Hemos llegado a los faldeos de la cordillera donde vivo. Es Leo quien me ha traído en un taxi.
—Así que es aquí donde vive la princesa Alma —dice al observar mi casa desde la ventanilla, con su entramado de vigas al estilo Tudor, sus colgantes de hiedra, todo esto coronado por dos impasibles chimeneas.
—Gracias por traerme —afirmo.
La luz del pórtico ilumina las hojas de los árboles. El perro del vecino ladra y muestra sus dientes a través de la reja. Leo pasa su brazo por mi cintura y me apresa.
—¿Te veo otra vez? —me pregunta al oído.
Tras su sonrisa, vuelvo a encontrar ese algo un tanto incierto, resquebrajado, que me atrajo en mi adolescencia.
—No sé.
—Yo quiero verte.
Le doy un beso en la frente y desciendo del auto. Leo también se baja. Le pido que no me acompañe a la puerta. Sé que he sido imprudente permitiéndole traerme hasta aquí.

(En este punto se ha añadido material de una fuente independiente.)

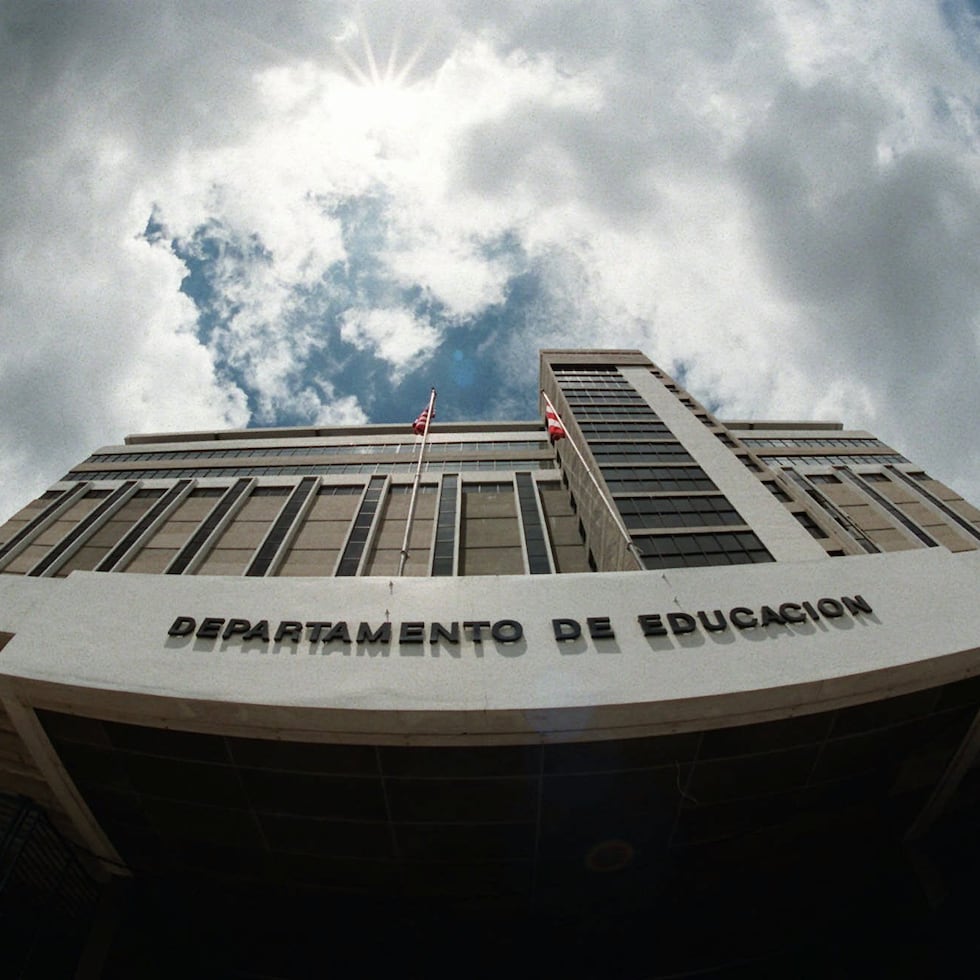 Foto del edificio que albergaba la sede del Departamento de Educación en Hato Rey.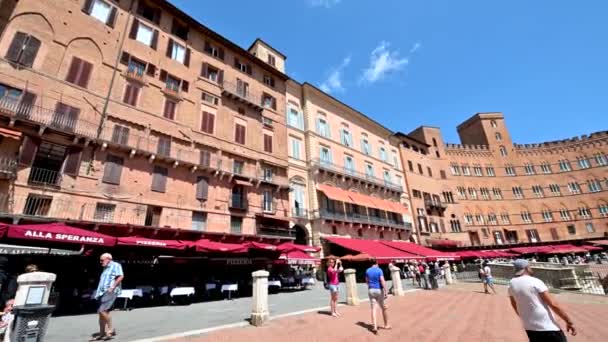 Siena πλατεία Campo με το Torre del Mangia — Αρχείο Βίντεο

En el baño me saco la ropa y me lavo. Una luz se filtra por la cortina mal ajustada y tropieza con el rostro dormido de Juan. Entro a la cama y pego mi cuerpo al suyo. Percibo el calor de su espalda en mi vientre. Lo abrazo, él enreda sus piernas con las mías sin abrir los ojos. Después de un mes hacemos el amor. Imagino que es el cuerpo de Leo. Al terminar nos desprendemos. Juan me da un beso en la mejilla. Se queda de espaldas con la mirada clavada en el techo y yo me vuelvo hacia el muro.